As quoted from <2185@hplabsc.UUCP> by taylor@hplabs.HP.COM (Dave Taylor):
+---------------
| As a side note, I hacked up a newsreader that is based purely on keywords 
| 
| And as to the stuff that isn't keyworded correctly, well, if you think
| about it, as more and more people were to use a system of this nature
| the articles would become better and better keyworded since if you are
| going to go to the trouble of WRITING an article, you certainly want to
| make sure that the maximal number of people READ it, right?  (this can
+---------------

From experience:  Someone may, in an article keyworded to A, B, C, and D,
make a reference to E which is so minor as to not deserve keywording...
until it turns out that that reference answers another person's question,
but that person never gets to see it on a keyword search for E.  In fact,
you can change "may" to "will"; it happens all the time.

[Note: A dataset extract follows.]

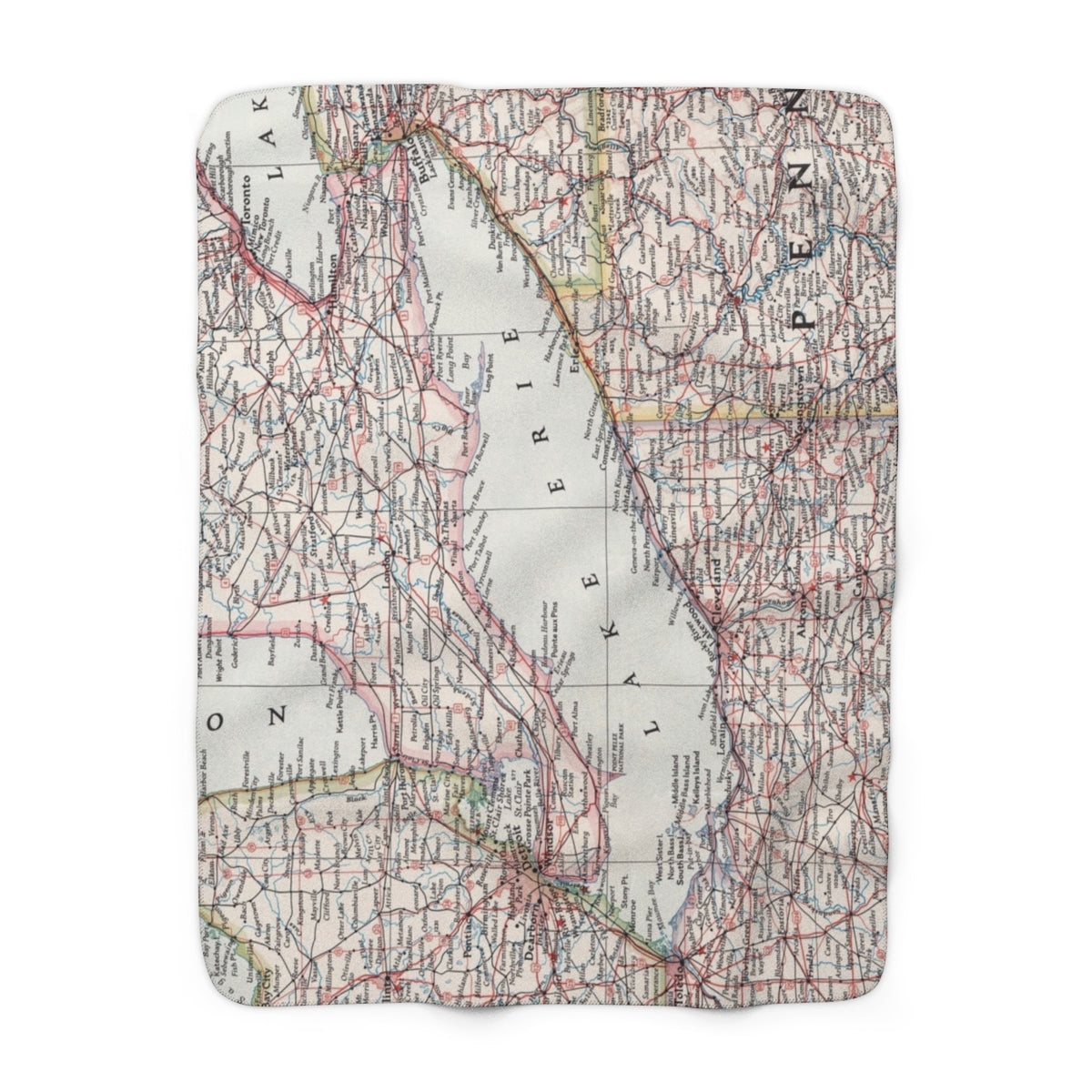 Lake Erie Map Sherpa Fleece Blanket | Cozy Travel Throw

The only way I see to get keywords working is to potentially use every word
in an article (both header and body) that is not a syntactic particle as a
keyword, after standardizing case and attempting to deal with spelling and
prefixes/suffixes.  This doesn't strike me as being very fast, space con-
servative, or (without either a better AI program than we've got or a
(horrors!) moderator choosing the keywords) likely to be correct.  (And
even the moderator can mess up.)

Of course, omitting syntactic particles makes it difficult to find the
article in what is now soc.lang.english (if there is such; I haven't checked)
on uses of the word "the"....

+---------------
| and get my knews reader up to a sufficient state to allow me to post it
| to net.sources (errr, to whatever group is appropriate, since It Is Obvious
| that Unmoderated Groups are Evil (even though I have proposed a scheme to
+---------------

comp.sources.misc

The problems with any unmoderated scheme are amply demonstrated by the
bogus posting by richard@bigtuna.UUCP of a month back.  It doesn't matter
WHAT you do, people will scream bloody murder if they can't use net.sources
as comp.sources.d.  (There were more discussions in net.sources than in
comp.sources.d during its final two weeks, even ignoring the discussions
about net.sources becoming moderated.  How do I know?  Erik Fair jumped the
gun and my mailbox was suddenly filled with 15 duplicate copies of every
message sent to net.sources.  Once I eliminated the duplicates, the amount
of non-source in net.sources was absolutely disgusting.)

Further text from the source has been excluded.